I feel… restless and dissatisfied with myself. I don’t spend a lot of time talking about my interior life, largely because I fear and distrust readers, in particular the Greatest Catholics of All Time, who have never missed an opportunity to inflict cruelty in the name of the Purity of Orthodoxy when I expose my heart.
But the thing is, you have to expose your heart if you are serious about the gospel:
“To love at all is to be vulnerable. Love anything and your heart will be wrung and possibly broken. If you want to make sure of keeping it intact you must give it to no one, not even an animal. Wrap it carefully round with hobbies and little luxuries; avoid all entanglements.

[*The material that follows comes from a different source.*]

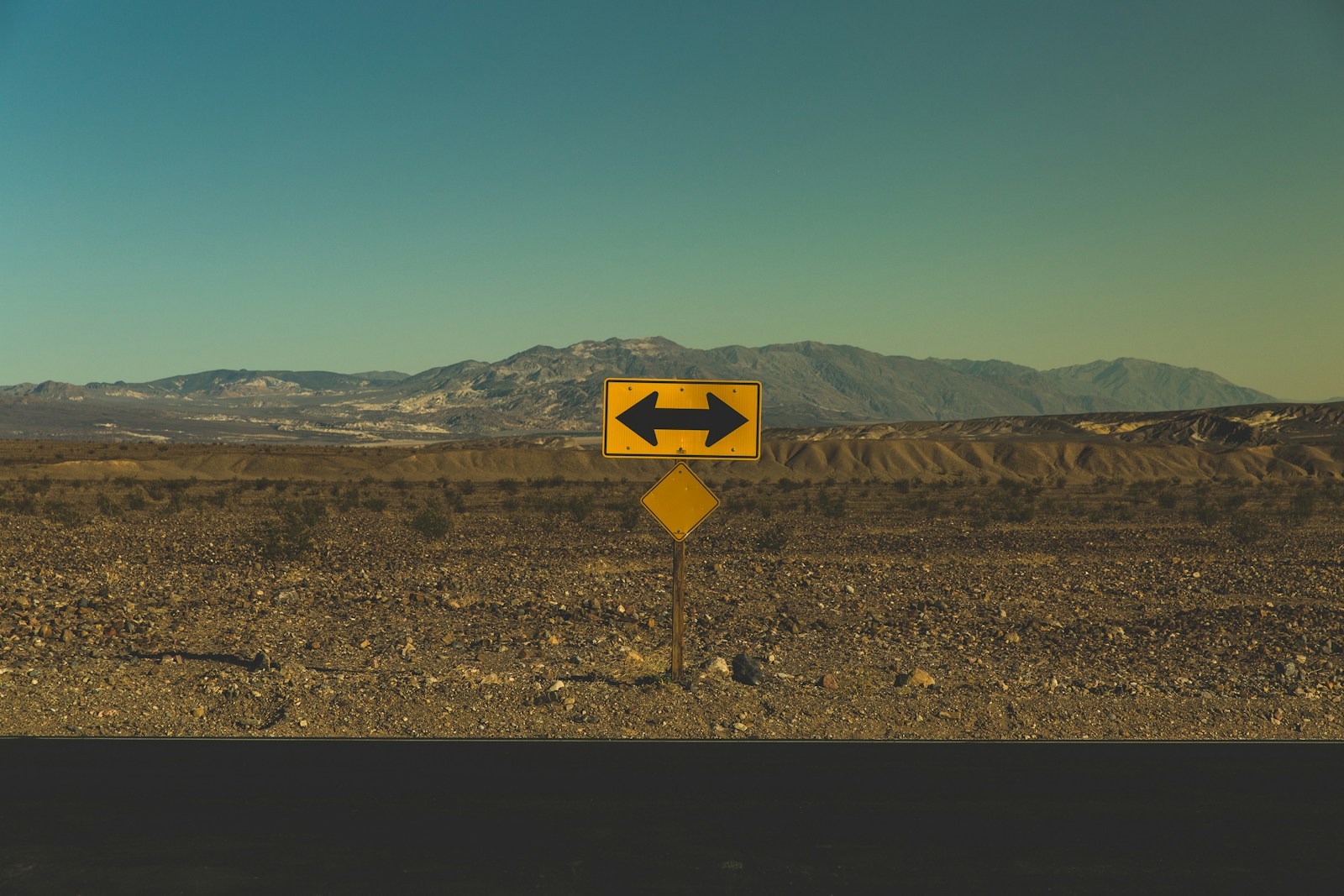 Photo by Pablo García Saldaña yellow arrow road sign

Lock it up safe in the casket or coffin of your selfishness. But in that casket, safe, dark, motionless, airless, it will change. It will not be broken; it will become unbreakable, impenetrable, irredeemable. To love is to be vulnerable.” – C.S. Lewis
So I’ve been thinking about how well–and even whether–I love. I think I do. I hope do, to some degree. I love, as all Normal people do, people who love me. I love my wife, my children, our grandchildren, various friends. But that is pretty low-hanging fruit.
“If you love those who love you, what credit is that to you? For even sinners love those who love them. And if you do good to those who do good to you, what credit is that to you? For even sinners do the same.” (Luke 6:32-33)
One time, a couple of years ago, I was out for a walk (my typical venue for prayer, and/or reading) and I was noodling this question of my attitude to people who lie to me, hurt me, slander me, and hate me. Suddenly (and fittingly enough, at a crossroad) it seemed to me that the Holy Spirit said clearly, and without an ounce of condemnation, but simply with loving clarity, “You don’t love them.” I have thought about that moment a lot.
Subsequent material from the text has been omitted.